Die Gewerkschaften Pro-Ge und GPA sind auf die Arbeitgeber schlecht zu sprechen. Während sie ihre Forderung von 11,6 auf 10,6 Prozent senkten, sollen die Arbeitgeber nur 6,7 Prozent im Abtausch gegen Zusatzleistungen geboten haben. Die Lage ist verzwickt.
„Wir haben uns sicher nicht verzockt“, sagt Pro-Ge-Chef Reinhold Binder zum KURIER. „Die Arbeitgeber wollten nur 0,7 Prozent auf die angebotenen sechs Prozent darauflegen. Das müssen wir uns aber selber finanzieren, in dem wir die hundertprozentigen Überstundenzuschläge und den Mehrarbeitszuschlag für die Teilzeitbeschäftigten killen.“ Die Gewerkschafter echauffiert, dass die Arbeitgeber nur die aktuelle Inflation vom Oktober in Höhe von 5,4 Prozent, aber nicht die rollierende Inflation in Höhe von 9,6 Prozent abgelten wollen.
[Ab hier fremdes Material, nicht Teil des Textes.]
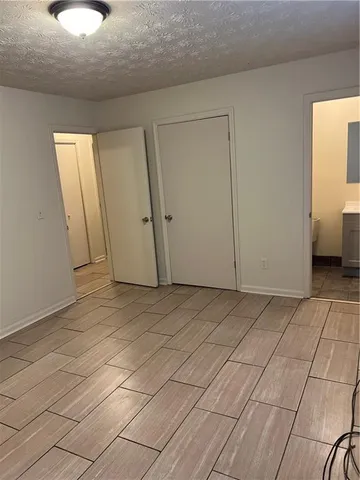 a view of a room with an empty space and a window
Beide Parteien eingemauert
„Das ist für uns ein völliger Wahnsinn“, sagt Binder. „Die wollen uns nur noch verarschen. Sie sagen damit zu den Arbeitnehmern, haut’s euch über die Häuser.“ Trotz der Differenzen wird am 30. November weiter verhandelt.
„Beide Parteien haben sich eingemauert“, sagt Wifo-Experte Benjamin Bittschi, wobei die Arbeitgeber schon die Abgeltung der rollierenden Inflation von 9,6 Prozent anerkennen müssten. „Alles darunter wäre ein Reallohnverlust für die Beschäftigen und das seitens der Gewerkschaft zu akzeptieren, sei unrealistisch“, sagt der Ökonom.
In der Zwickmühle
Andererseits müssten sich seiner Ansicht nach auch die Arbeitnehmer auf einen möglichen Kompromiss einlassen, der da lauten könnte, dass die Lohnerhöhung „nicht sofort und unmittelbar erfolgt“. Bittschi denkt dabei an eine zeitliche Streckung, bei der beispielsweise die Inflation von sechs Prozent aus dem September sofort und die restlichen 3,6 Prozent erst später ausbezahlt werden. Bittschi: „Freilich müssten sich die Arbeitgeber verpflichten, wann das genau ausgezahlt wird und sie müssten auch etwas drauf legen, weil die Arbeitnehmer ja quasi einen Kredit gewähren.“
Denkbar ist für den Experten auch, dass ein Teil der Lohnerhöhung in eine Arbeitszeitverkürzung um beispielsweise eineinhalb Stunden fließt. Also statt der heutigen Normalarbeitszeit bei den Metallern von 38,5 Stunden nur noch 37 Stunden pro Woche gearbeitet wird. „Das kostet angesichts der Rezession in der Industrie und brach liegenden Kapazitäten weniger als die volle Inflation in Geld abzugelten.“
Zu guter Letzt ließe sich freilich auch mit Einmalzahlungen die nötige Flexibilität für einen Kompromiss aufbringen. Angesichts der Möglichkeit von steuer- und abgabenfreien Einmalzahlungen bis 3.000 Euro könnte der Nettolohn der Beschäftigten für einen gewissen Zeitraum erhöht werden, ohne dass die Arbeitgeber zunächst die Bruttolöhne erhöhen müssten. Erst wenn diese Prämien aufgebraucht seien, müsste es zur Lohnerhöhung kommen.